[IPython-dev] notebook questions

Jason Grout jason-sage at creativetrax.com
Fri Sep 16 23:20:39 EDT 2011

On 9/16/11 6:35 PM, MinRK wrote:
> On Fri, Sep 16, 2011 at 15:50, Jason Grout <jason-sage at creativetrax.com
> <mailto:jason-sage at creativetrax.com>> wrote:
>     On 9/16/11 3:37 PM, Chris Kees wrote:
>      > Hi,
>      >
>      > I updated my source on the notebook after I read Fernando's post.
>     Nice
>      > work! Couple of questions:
>      >
>      > Is there a way to use reST in the text boxes? It seems like it
>     sort of
>      > works but doesn't get the ::
>      >
>      > If I put the notebook safely inside our firewall, would it be
>      > reasonable to just let 5-10 people use the same server or do you
>      > foresee problems down the road?
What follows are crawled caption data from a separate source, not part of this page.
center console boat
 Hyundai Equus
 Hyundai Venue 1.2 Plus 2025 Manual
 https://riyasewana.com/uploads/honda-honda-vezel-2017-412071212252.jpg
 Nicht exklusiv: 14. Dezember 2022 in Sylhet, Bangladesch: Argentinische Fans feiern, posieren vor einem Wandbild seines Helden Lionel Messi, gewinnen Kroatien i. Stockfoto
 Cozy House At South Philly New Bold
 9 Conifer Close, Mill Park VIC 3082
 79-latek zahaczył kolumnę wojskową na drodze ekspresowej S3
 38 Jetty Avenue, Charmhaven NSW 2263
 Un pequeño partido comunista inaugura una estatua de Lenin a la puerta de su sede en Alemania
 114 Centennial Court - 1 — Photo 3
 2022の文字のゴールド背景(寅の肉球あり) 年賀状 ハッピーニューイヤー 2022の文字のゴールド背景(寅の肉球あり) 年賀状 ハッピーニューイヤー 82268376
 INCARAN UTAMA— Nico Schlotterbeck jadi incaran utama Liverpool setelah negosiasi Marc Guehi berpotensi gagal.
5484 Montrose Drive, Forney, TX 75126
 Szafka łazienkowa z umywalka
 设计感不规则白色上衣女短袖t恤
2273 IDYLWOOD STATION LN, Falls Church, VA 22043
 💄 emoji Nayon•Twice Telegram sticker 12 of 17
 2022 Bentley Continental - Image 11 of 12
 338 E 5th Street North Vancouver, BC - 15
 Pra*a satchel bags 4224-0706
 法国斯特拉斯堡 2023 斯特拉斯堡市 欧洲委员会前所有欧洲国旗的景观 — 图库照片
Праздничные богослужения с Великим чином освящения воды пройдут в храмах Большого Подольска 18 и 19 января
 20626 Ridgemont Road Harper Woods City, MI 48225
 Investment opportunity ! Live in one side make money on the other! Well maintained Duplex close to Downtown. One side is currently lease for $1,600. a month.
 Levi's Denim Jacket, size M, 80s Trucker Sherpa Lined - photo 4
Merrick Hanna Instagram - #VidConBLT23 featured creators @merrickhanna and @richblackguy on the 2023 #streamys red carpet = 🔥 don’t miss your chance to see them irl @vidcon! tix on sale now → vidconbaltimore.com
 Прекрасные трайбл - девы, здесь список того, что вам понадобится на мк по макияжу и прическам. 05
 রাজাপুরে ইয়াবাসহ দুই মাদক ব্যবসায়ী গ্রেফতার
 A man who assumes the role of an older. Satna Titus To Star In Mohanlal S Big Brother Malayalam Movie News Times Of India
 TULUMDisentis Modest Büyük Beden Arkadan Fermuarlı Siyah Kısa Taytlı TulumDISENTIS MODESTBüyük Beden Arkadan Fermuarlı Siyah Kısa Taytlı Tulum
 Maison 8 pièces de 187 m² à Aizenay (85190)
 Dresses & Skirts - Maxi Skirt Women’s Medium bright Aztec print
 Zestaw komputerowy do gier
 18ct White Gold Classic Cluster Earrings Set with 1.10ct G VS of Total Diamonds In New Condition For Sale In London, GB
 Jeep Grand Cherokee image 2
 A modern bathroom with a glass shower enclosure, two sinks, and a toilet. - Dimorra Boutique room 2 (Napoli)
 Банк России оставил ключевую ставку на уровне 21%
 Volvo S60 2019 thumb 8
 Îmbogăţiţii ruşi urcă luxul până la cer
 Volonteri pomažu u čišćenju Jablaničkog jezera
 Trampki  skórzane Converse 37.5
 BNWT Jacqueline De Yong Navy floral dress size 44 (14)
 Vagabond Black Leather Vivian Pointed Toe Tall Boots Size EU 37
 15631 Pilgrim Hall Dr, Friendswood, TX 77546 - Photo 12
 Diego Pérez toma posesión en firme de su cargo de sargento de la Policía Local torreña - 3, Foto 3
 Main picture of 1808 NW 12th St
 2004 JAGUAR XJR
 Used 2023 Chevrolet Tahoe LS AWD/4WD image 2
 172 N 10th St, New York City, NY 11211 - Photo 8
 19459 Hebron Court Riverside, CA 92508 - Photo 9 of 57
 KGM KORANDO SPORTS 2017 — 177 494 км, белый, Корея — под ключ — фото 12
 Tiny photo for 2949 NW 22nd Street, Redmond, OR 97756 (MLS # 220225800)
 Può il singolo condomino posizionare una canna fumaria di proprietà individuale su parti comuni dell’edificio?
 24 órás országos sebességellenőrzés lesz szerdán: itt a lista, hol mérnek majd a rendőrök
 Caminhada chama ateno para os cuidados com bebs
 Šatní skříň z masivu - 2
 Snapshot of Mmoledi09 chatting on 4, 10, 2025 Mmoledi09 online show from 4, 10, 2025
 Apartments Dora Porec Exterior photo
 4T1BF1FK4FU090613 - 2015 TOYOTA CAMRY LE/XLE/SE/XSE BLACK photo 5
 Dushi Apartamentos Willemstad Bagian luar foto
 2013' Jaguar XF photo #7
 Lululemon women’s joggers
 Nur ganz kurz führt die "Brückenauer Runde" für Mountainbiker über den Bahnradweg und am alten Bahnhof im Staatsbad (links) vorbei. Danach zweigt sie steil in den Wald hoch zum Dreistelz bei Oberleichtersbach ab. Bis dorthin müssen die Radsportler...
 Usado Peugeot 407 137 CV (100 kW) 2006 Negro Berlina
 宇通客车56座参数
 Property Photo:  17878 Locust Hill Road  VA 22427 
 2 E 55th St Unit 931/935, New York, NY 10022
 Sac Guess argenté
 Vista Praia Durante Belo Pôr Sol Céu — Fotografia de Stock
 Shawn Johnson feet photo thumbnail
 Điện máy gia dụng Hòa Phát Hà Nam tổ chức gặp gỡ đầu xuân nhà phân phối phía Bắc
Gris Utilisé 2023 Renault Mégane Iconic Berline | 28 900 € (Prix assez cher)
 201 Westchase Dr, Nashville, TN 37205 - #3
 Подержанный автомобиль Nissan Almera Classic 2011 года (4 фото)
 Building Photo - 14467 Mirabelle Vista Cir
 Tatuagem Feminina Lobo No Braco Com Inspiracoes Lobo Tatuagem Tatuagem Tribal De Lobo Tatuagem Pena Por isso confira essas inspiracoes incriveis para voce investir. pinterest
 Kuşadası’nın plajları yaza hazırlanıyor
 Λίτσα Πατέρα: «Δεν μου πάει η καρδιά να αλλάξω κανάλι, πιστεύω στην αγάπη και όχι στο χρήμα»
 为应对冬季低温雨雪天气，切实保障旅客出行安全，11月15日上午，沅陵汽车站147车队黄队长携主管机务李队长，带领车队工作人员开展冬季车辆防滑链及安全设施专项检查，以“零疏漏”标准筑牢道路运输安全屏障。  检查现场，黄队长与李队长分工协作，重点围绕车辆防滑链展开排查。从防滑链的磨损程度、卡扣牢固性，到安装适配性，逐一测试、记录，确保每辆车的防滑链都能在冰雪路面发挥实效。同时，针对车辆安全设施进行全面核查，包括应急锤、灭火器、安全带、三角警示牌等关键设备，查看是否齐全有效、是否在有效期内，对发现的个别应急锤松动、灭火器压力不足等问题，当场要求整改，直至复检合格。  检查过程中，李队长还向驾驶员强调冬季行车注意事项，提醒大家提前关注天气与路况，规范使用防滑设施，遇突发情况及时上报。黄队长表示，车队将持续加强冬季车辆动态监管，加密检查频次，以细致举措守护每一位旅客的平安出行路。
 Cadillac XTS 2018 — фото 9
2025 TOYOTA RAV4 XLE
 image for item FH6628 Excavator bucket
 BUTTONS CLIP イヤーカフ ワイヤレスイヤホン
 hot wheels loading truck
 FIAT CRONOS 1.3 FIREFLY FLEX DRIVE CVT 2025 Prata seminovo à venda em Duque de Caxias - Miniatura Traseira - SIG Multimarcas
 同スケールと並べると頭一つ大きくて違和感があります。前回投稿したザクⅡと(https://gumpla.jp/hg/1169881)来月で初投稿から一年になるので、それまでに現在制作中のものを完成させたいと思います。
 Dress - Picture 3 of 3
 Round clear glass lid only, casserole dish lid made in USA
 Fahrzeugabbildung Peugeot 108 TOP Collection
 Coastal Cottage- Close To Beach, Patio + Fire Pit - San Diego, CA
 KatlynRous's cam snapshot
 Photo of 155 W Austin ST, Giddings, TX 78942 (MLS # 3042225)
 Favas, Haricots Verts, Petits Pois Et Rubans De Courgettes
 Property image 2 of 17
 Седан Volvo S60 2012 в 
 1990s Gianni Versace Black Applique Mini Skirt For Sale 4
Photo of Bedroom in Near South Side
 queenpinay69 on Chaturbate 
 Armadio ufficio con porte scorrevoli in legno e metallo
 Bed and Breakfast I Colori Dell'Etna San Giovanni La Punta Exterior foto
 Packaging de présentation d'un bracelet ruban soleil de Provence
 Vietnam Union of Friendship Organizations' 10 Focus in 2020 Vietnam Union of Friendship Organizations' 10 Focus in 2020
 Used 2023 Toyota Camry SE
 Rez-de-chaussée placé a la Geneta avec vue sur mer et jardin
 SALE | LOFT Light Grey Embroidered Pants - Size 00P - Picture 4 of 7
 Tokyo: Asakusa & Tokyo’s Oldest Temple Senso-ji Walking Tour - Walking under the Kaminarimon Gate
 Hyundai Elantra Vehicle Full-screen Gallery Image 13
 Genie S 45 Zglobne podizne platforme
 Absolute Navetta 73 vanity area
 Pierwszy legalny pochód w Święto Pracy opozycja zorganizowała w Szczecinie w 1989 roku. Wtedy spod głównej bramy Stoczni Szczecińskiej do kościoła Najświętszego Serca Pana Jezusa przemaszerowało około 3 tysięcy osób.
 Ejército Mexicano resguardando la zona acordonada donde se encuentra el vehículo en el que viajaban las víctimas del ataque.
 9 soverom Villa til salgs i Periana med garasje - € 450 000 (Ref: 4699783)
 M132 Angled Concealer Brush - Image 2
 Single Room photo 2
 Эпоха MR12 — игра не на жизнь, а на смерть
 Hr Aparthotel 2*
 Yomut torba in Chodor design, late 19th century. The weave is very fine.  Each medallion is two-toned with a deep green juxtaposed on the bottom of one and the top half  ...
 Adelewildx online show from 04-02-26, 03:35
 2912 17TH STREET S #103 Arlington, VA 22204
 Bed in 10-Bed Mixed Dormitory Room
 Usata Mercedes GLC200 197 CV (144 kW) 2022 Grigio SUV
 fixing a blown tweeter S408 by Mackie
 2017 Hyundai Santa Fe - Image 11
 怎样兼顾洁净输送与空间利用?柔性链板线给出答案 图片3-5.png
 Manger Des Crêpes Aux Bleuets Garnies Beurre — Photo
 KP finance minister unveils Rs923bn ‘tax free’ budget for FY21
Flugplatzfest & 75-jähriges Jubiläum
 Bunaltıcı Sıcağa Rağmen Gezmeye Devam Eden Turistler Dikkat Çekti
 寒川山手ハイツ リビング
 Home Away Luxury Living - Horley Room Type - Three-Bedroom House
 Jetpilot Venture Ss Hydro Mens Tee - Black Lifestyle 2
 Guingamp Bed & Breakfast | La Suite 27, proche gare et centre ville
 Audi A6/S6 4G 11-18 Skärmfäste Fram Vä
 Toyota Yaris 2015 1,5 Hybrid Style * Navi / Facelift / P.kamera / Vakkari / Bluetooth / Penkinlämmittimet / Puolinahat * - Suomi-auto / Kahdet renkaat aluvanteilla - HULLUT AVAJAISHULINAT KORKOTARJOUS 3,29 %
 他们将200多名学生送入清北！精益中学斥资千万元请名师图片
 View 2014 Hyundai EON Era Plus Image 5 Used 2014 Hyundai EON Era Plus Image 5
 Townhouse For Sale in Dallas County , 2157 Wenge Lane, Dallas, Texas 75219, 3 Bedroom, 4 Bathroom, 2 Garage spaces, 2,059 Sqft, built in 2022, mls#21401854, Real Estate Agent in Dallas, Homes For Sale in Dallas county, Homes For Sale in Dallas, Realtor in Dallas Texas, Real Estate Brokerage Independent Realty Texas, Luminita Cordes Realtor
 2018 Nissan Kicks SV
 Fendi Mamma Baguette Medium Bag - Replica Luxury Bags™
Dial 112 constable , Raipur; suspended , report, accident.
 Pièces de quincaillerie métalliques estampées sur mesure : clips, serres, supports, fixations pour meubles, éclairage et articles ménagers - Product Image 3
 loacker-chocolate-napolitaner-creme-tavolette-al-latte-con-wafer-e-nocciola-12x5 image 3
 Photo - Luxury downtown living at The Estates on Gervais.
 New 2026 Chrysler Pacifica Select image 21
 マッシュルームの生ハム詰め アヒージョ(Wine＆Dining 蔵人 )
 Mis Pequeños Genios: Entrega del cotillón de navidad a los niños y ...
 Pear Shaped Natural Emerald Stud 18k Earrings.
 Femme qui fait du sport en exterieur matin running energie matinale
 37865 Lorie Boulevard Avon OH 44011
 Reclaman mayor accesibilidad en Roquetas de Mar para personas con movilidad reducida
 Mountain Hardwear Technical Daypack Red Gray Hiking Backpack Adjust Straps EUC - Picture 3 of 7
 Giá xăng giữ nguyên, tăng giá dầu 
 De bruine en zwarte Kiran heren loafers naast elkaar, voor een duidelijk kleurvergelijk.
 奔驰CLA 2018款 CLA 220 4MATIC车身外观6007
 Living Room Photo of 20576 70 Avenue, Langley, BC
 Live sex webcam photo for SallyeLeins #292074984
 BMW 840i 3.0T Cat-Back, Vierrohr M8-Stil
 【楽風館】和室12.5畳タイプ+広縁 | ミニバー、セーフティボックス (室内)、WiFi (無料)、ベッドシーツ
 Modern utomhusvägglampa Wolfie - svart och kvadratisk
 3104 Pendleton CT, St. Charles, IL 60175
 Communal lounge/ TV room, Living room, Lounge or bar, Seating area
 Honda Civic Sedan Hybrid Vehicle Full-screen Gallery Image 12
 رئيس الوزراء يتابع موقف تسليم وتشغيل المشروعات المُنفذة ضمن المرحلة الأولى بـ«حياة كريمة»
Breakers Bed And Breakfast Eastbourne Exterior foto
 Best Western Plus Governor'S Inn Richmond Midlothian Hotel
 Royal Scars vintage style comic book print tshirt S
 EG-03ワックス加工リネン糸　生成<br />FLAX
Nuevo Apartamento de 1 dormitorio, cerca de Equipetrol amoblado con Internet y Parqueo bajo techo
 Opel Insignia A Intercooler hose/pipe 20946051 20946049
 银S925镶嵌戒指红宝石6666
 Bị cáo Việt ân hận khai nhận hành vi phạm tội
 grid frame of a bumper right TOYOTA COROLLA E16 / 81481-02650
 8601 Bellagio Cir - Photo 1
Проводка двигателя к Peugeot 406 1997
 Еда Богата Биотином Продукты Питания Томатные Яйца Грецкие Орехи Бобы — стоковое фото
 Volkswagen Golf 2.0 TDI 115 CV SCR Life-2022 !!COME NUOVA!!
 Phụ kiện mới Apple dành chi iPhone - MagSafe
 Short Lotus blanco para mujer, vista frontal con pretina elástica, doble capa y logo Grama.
I've set up a sage server partly for
>      > that purpose, but having the ipython notebook available could have
>      > some advantages. For example, we're running a computational mechanics
>      > seminar where it would be nice to share some simple mpi programs, say
>      > in the 8-16 processor range. I don't think we can do that in sage
>     yet,
>      > right?
>     (answering the Sage question here...) What do you mean when you say
>     "share some simple mpi programs"?  Do you mean running the mpi programs
>     from the command line, or sharing the C code files, or using mpi4py to
>     run the programs?  If you can do it in python or on the command line,
>     you can likely do it in Sage.  Feel free to email the sage-support list;
>     I'm sure we can help you there.
>      >
>      > In the docs, it talks about the python roundtrip not being
>     guaranteed.
>      > What about a sage round trip capability for the notebooks?
>     I think that might be possible, though it would require ipython being
>     able to have "text cells" with arbitrary html, rather than just
>     markdown.  The Sage notebook format looks something like:
> since (almost) arbitrary html is valid markdown, I don't expect a
> problem there.  The first notebook draft had html text cells, but we
> never found any HTML we wanted to use that didn't work as-is in
> markdown, so we disabled it to prevent unnecessary clutter.  If there
> are real HTML use cases for which the markdown transforms html
> inappropriately, we can easily turn it back on.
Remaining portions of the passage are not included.